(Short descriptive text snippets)
>>>

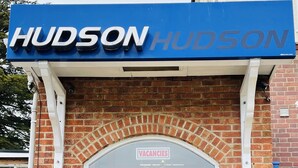 A hotel entrance with a blue sign reading "HUDSON HUDSON" and a "VACANCIES" sign above the door. - Hotel Hudson (Torquay)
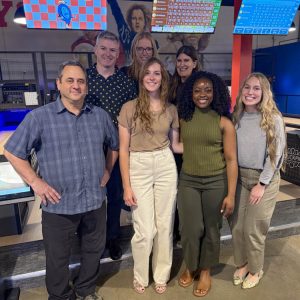 Group of people smiling at a bowling alley.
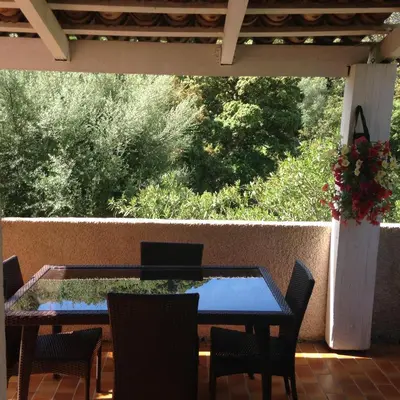 a table and chairs on a patio with a view of trees at Maredda 1 in Sartène
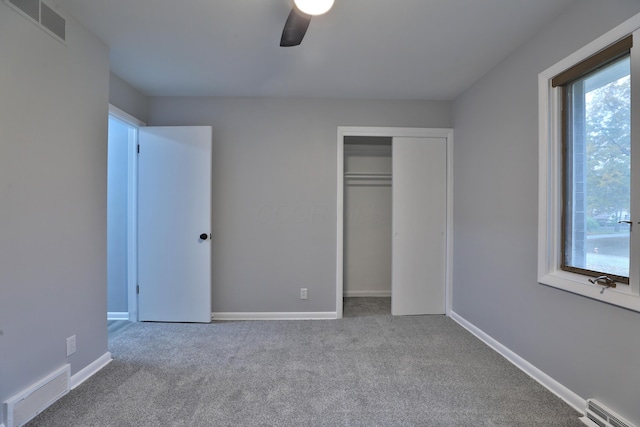 unfurnished bedroom with light colored carpet, a closet, and ceiling fan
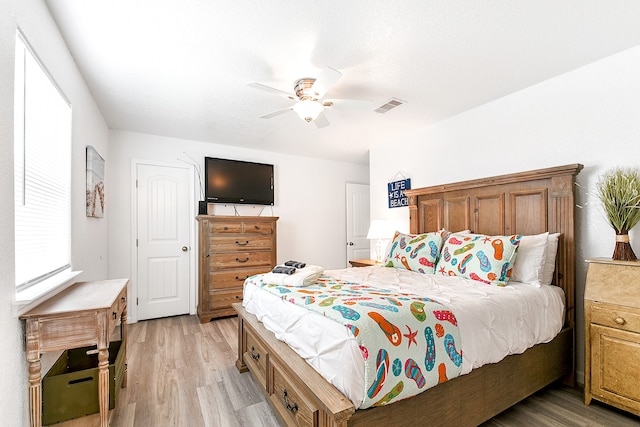 bedroom with ceiling fan and light wood-type flooring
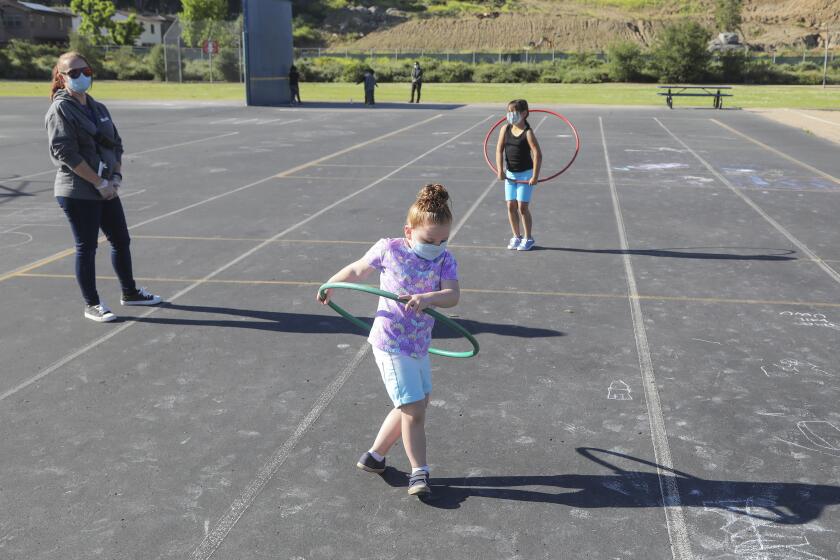 Under the supervision of Danielle Elliott (left), Lyric Gerber (middle) and Rayon Aguilera (right) play during break time at Chase Avenue Elementary School during the Cajon Valley Union School District's Emergency Child Care Program on May 5, 2020 in El Cajon, California. The district is offering free child care to essential workers.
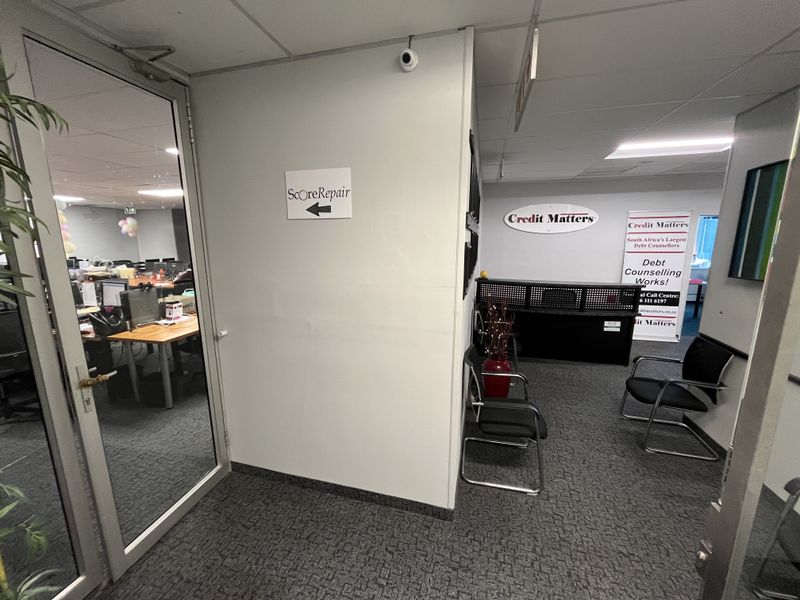Office reception area featuring a glass partition door, suspended ceiling, and a dedicated reception desk space.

<<<

- **Task brief**: Print every entry verbatim and leave all pictures out.

- **Solved exercise**:
 A hotel entrance with a blue sign reading "HUDSON HUDSON" and a "VACANCIES" sign above the door. - Hotel Hudson (Torquay)
 Group of people smiling at a bowling alley.
 a table and chairs on a patio with a view of trees at Maredda 1 in Sartène
 unfurnished bedroom with light colored carpet, a closet, and ceiling fan
 bedroom with ceiling fan and light wood-type flooring
 Under the supervision of Danielle Elliott (left), Lyric Gerber (middle) and Rayon Aguilera (right) play during break time at Chase Avenue Elementary School during the Cajon Valley Union School District's Emergency Child Care Program on May 5, 2020 in El Cajon, California. The district is offering free child care to essential workers.
Office reception area featuring a glass partition door, suspended ceiling, and a dedicated reception desk space.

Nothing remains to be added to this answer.